Better Data and Smarter Data Policy for a Smarter Criminal Justice System System

Professor of Law, Santa Clara University; fellow, Stanford Computational Policy Lab

Founder, Justice Codes; legal affairs writer, ABA Journal (Mr. Tashea does not speak for the American Bar Association or the ABA Journal.)

If the promise of artificial intelligence is to make systems smarter and more efficient, there may be no better candidate than the US criminal justice system.
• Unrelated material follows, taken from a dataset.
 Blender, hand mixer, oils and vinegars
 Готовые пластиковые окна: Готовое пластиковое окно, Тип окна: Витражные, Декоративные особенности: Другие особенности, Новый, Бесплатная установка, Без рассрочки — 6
On any given day, close to half a million people—many whose charges will ultimately be dropped—sit in jail awaiting trial, at an estimated cost of $14 billion per year to taxpayers [1]. One in three, or 74 million adults in the United States, have a criminal record [2]. The majority of these records, however, comprise non-violent misdemeanors or charges that never led to a conviction [3, 4]. For those who serve time, failure to rehabilitate is the norm in this country: just shy of a staggering 77 percent of state prisoners are rearrested within five years of their release [5].

These burdens fall disproportionately on communities of color and the poor. African Americans are incarcerated in state prisons at five times the rate of white Americans [6]. Black people are four times more likely to be arrested than whites for marijuana offenses, despite similar rates of use [7]. Money bail locks people up primarily for their inability to purchase their freedom, rather than their risk to society.

Thankfully, “tough on crime” policies are giving way to “smart on crime” approaches. Nationwide, efforts to reform money bail could avoid much of the human and financial toll— about $38 million per day— associated with pretrial incarceration, though, the results are mixed [8-11]. In Georgia, the expansion of drug, mental health, and veteran courts has led to a decrease in crime and incarceration across the state, including a 36 percent decline in youth imprisonment [12]. When New York City ended stop and frisk—a police practice of temporarily detaining and searching disproportionately black and brown people on the streets—in 2013, recorded stops fell from over 685,000 in 2011 to 12,000 in 2016 (a 98 percent drop) and crime continued to decline [13].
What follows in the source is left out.